----- PROVIDED ENTRIES
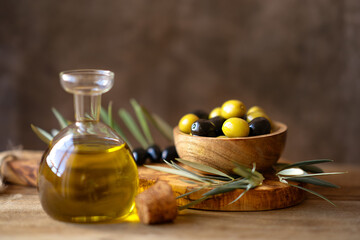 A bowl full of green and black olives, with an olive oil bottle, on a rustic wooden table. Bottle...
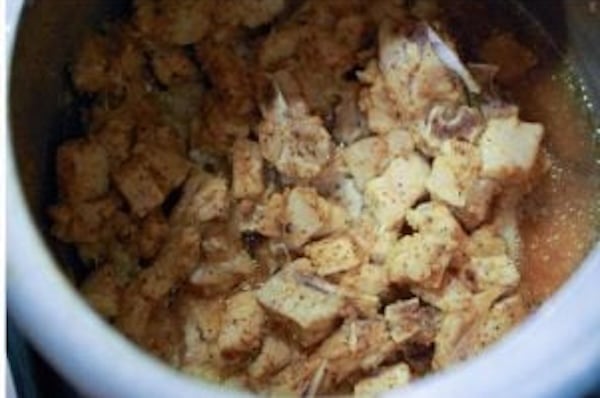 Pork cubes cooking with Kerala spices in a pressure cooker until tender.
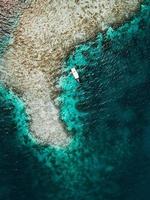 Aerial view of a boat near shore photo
----------
----- PROVIDED ENTRIES
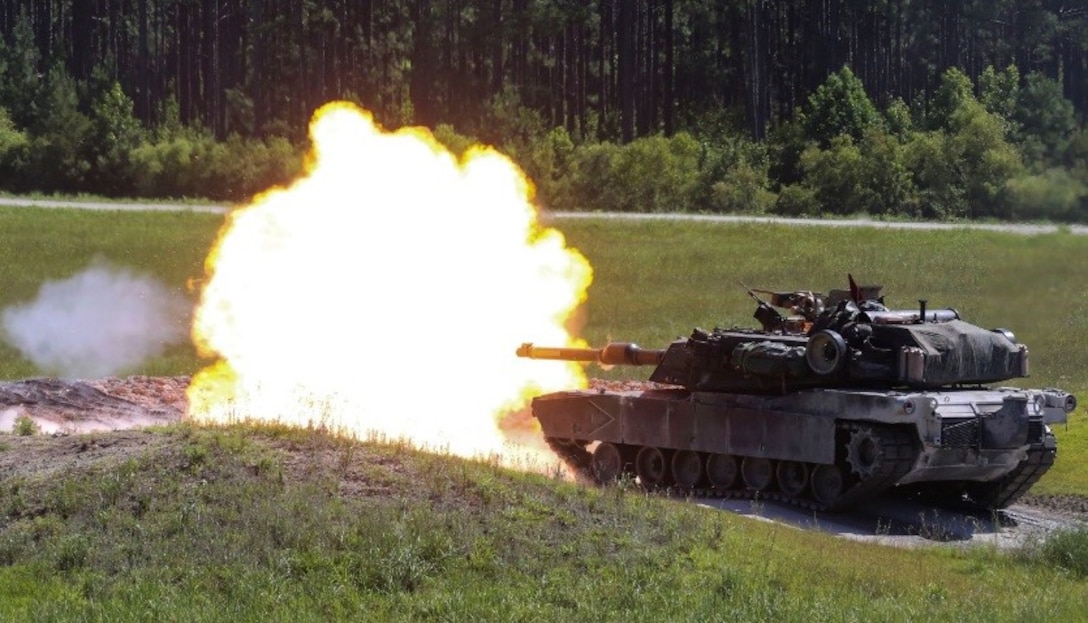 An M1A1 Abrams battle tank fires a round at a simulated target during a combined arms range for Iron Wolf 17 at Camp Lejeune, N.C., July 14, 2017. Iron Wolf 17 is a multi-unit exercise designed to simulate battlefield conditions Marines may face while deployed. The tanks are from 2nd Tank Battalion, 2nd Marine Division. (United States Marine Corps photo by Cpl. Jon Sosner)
----------
----- PROVIDED ENTRIES
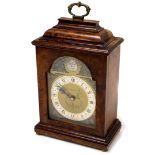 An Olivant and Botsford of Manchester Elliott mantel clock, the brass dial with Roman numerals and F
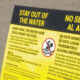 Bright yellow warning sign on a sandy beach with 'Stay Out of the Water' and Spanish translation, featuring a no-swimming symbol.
----------
ASSIGNED TASK:
Lines wanted from the entries above: the one with "A bowl full", the one with "Aerial view of a boat near shore photo", and all lines between. Please copy them exactly, without the pictures and without anything else.

EXERCISE RESPONSE:
 A bowl full of green and black olives, with an olive oil bottle, on a rustic wooden table. Bottle...
 Pork cubes cooking with Kerala spices in a pressure cooker until tender.
 Aerial view of a boat near shore photo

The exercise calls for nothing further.